Falta a transgressão maior, a
espiritual, a mais radical, porque corta com o paradigma naquilo em que ele
excede as exigências da bioquímica biológica, não apenas com o luxo e a sua
tranquilidade, mas também com o próprio consumismo (sem contar pois com os que
buscam transcendências íntimas por via bioquímica). Mas para a ter em conta, é
necessário dar atenção a outra vertente da habitação, descurada por Heidegger,
aquela que tem que ver com a apropriação além das exigências da bioquímica biológica, com a busca do luxo da
habitação em termos de se mostrar aos outros, vizinhos, rivais, concorrentes,
como os melhores, os mais fortes, hábeis e poderosos em artes e astúcias das
guerras. Escravos, servos, proletários, foram a condição histórica da situação
de poder social conseguida, como a forma de transcendência que perseverou em
linhagens e ranks: a chamada propriedade privada, de que o que é comum de todos
foi privado, incluindo sobretudo a energia bioquímica do trabalho dos que, por
força da guerra ou por fraqueza social herdada, não têm outra maneira de
satisfazer as suas exigências bioquímicas imanentes.

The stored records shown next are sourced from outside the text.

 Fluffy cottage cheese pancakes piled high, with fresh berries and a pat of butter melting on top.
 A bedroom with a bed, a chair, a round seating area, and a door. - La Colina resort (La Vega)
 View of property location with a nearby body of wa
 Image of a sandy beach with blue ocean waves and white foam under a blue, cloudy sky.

Ou seja, esta
transcendência de poder e riqueza social produziu uma recíproca imanência de
pobreza e miséria, em verdadeira oposição social. E a questão é a de saber se,
quando se fala de transcendência, se tem ou não em vista também estoutra e os
seus efeitos nefastos.
6. Sem que eu conheça mais do que o que pelos
médias nos vem, não creio que se possa negar que há muita gente hoje que, de
forma mais ou menos adequada, responde a apelos de transcendência em termos de
cooperação em associações que buscam minorar esta imensa miséria social nos
arredores de si ou rumando ao longe, enquanto outros se dedicam a formas de
arte, ou de investigação científica, ou outras ‘vocações’, como se dizia a
transgressão espiritual, mais ou menos radical, dos paradigmas da imanência tribal.
Não deixa de ser notável a resposta dos evangelhos a esta questão, que não
propõe sem mais uma ‘conversão a Deus’ – “não é dizendo-me ‘Senhor, Senhor!’

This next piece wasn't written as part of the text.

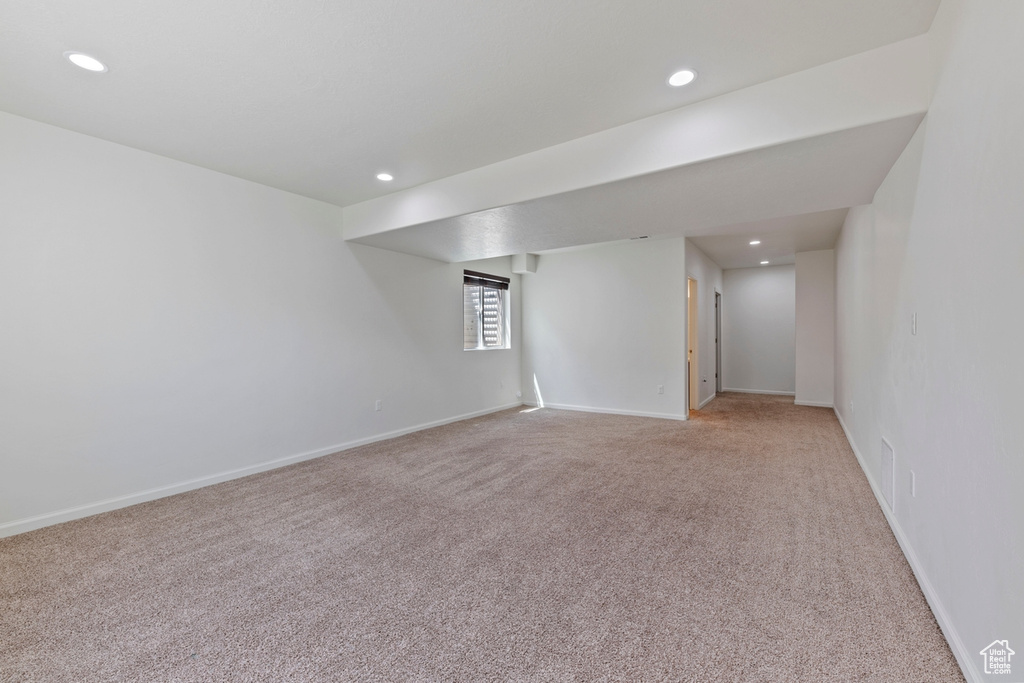 Spare room featuring recessed lighting, baseboards, and light carpet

que se entrará no reino dos céus, mas fazendo a vontade do Pai que está nos
céus” (Mateus 7,21) – mas uma conversão
ao pobre: “tive fome e deste-me
de comer, sede e deste-me de beber, era um estrangeiro e acolheste-me, estava
nu e vestiste-me, doente e visitaste-me, na prisão e vieste ver-me” (idem,
25,35-36). Se os evangelhos têm em conta um reino de deus transcendente após a
ressurreição dos mortos (e como é com a bioquímica?), percebe-se que – com o
picante de buscar dar aos pobres a possibilidade de chegarem ao consumismo que
ataranta Floridi – a transgressão que eles pedem inclina-se sobre a
imanência elementar dos paradigmas dos usos como quem recomenda que se comece de novo a evolução histórica
corrigindo-a da sua má transgressão do poder privado. Ora, uma tal transgressão
mantém-se viva e fecunda ainda que não se acredite em nenhum céu transcendente
após a morte, poder-se-ia mesmo dizer que, nesta época de catástrofe planetária
previsível, ela vai ser a grande esperança.